“We all deserve workplaces where we’re safe and our work is valued and we can live and work with dignity,” said Poo in an interview on the red carpet.
Ai-jen Poo on Twitter
Selfie in case I forget once everything gets started! #TimesUp #GoldenGlobes
Activist Ai-Jen Poo walked the red carpet with Meryl Streep at the Golden Globes, Sunday night, as part of an effort at the event to highlight harassment and inequality. Streep was one of eight actresses who brought activists as their plus-ones. Streep and Poo also joined with many other attendees at the ceremony in wearing black as an expression of solidarity with victims of sexual assault and harassment.
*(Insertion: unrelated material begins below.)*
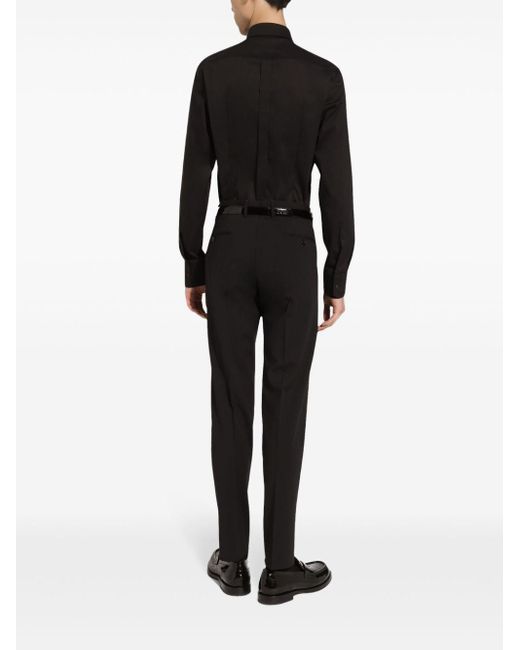 Chemise en coton mélangé à manches longues Dolce & Gabbana pour homme en coloris Black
Poo, who Lion’s Roar’s Lindsay Kyte profiled last year, is the director of the National Domestic Workers Alliance and co-director of Caring Across Generations. She is also a MacArthur “Genius Grant” recipient, and describes herself as an “aspiring Buddhist.”
In a statement by the eight activists — who also included Tarana Burke, Marai Larasi, Rosa Clemente, Monica Ramirez, Calina Lawrence, Saru Jayaraman, and Billie Jean King — they wrote:
“We have each dedicated our lives to doing work that supports the least visible, most marginalized women in our diverse contexts. We do this work as participants in movements that seek to affirm the dignity and humanity of every person.”
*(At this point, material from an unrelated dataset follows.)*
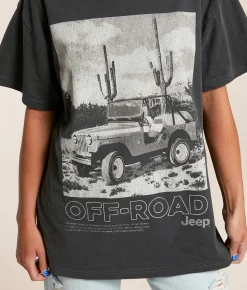 Tops | Goodie Two Sleeves JEEP Off Road Oversized T-Shirt Black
“Too much of the recent press attention has been focused on perpetrators and does not adequately address the systematic nature of violence including the importance of race, ethnicity and economic status in sexual violence and other forms of violence against women. Our goal in attending the Golden Globes is to shift the focus back to survivors and on systemic, lasting solutions.”
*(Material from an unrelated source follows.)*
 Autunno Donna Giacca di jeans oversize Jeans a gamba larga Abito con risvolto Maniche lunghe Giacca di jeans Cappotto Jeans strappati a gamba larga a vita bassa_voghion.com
In an interview with E! on the red carpet, Poo said,
“I hope people see the momentum and the energy and the fact that we’re uniting across all industries and all communities standing together, saying, we all deserve workplaces where we’re safe and our work is valued and we can live and work with dignity. That’s the future. And we want to say to everyone that they should join us. This is a movement where there’s space for everyone and there’s a role for everyone.”